Last January 2015, the Precision Medicine Initiative was launched by the late President Barack Obama, which was a plan to support research into treatment and prevention strategies.
As cited on Salon, to catenate such environmental issues as animals feeding operations, agricultural practices, unconventional natural gas development and the built environment to such results as drug-resistant infections, diabetes and asthma control, pregnancy effects and obesity, the professor of environmental health sciences, epidemiology and medicine, and co-director of the Joint Geisinger-JHSPH Environmental Health Institute (EHI), have been working with electronic health record data. Together with Dr. Annemarie Hirsch, an epidemiologist in the EHI they are looking for ways to translate such findings into the delivery of more precise clinical care.
Knowing more how our health is related to the environment and social conditions may lead to better treatments and better preventive care.

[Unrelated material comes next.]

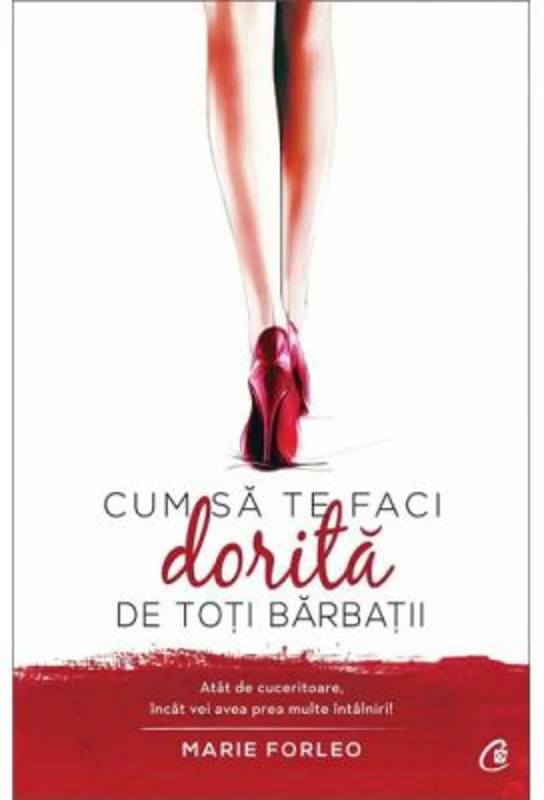 Cum sa te faci dorita de toti barbatii. Atat de cuceritoare, incat vei avea prea multe intalniri! - Marie Forleo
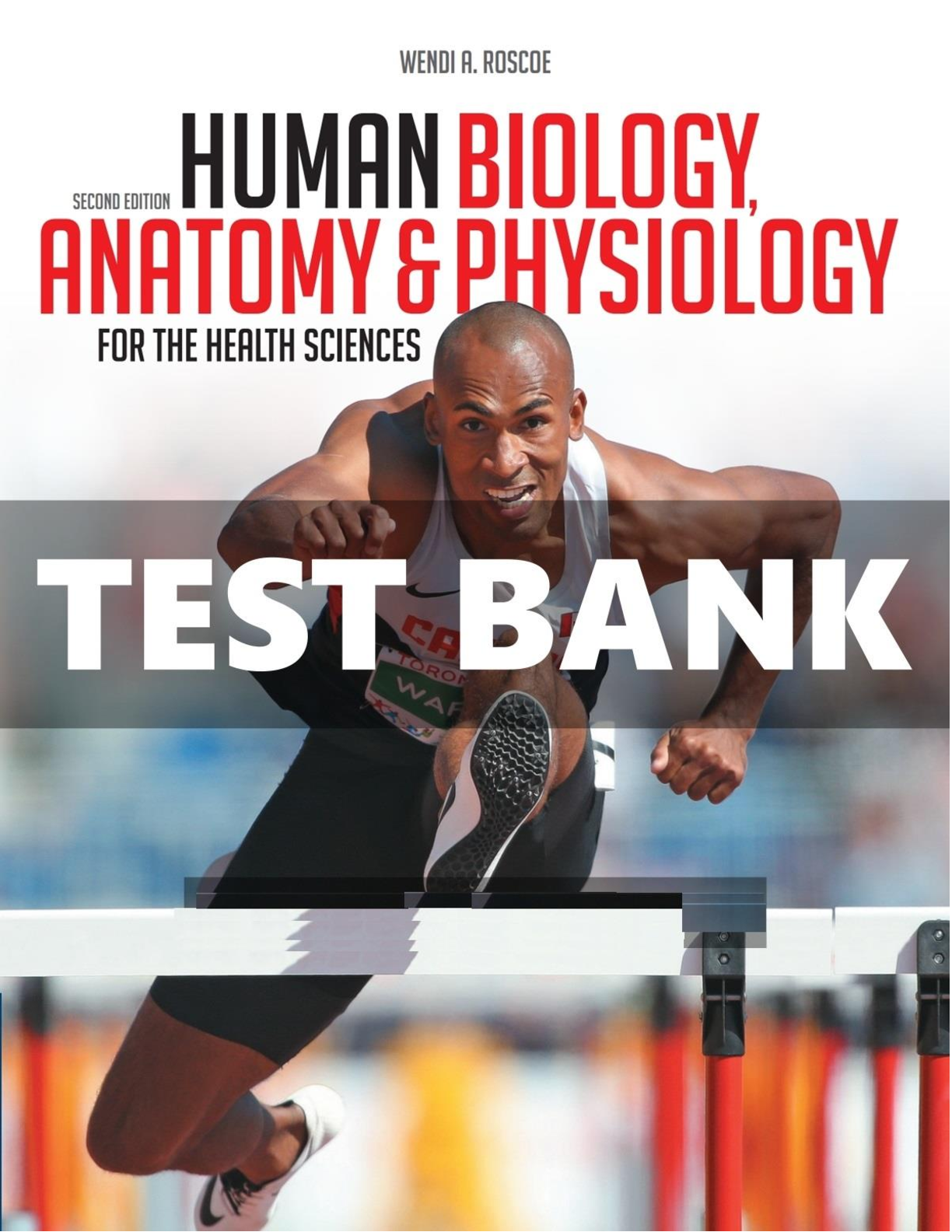 Preview of Human Biology, Anatomy And Physiology For Health Sciences 2nd Edition By Wendi A. Roscoe T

But before we can start, we have two problems according to a report on Archy Newsy. The first is that these data aren't being gathered. And if we were to start collecting them, health care providers wouldn't know it's used.
Many know that our genetics can shape our health, but so are these important factors. Which are social determinants of health and community, and social and physical environments?Social determinants of health include income, poverty, inequality and things like crime rates and the affluence of your neighborhood.
When we say physical environment, we mean whether your community is designed to be walkable, has access to healthy foods or has heavy industry.These factors can influence your health in direct and indirect ways. For example, having asthma or cancer by just breathing in poison from a factory. Or indirectly benefit your health by living in a neighborhood with access to healthy food within walking distance of your house.
Many studies have proved that these factors have a more powerful impact on health than make the individual biologic differences between people. For instance, income and educational attainment are strongly associated with hypoglycemia a known clinical risk factor in patients with diabetes. People in neighborhoods with limited healthy eating and physical activity resources have a higher danger of being diagnosed with type 2 Diabetes. The president of the Robert Wood Johnson Foundation, Dr. Risa Lavizzo-
Mourey knows that a child's life is predicted more by his ZIP code than his genetic code. That's not an overstatement. There is a huge discrepancy in life across the United States depending on where you are born. The highest-longevity places tend to be in the Northeast and West, while the lowest is in the south. While genetics and health care are critical, others have argued that the predictors of health are a ZIP code, race, and class trump genetics and healthcare.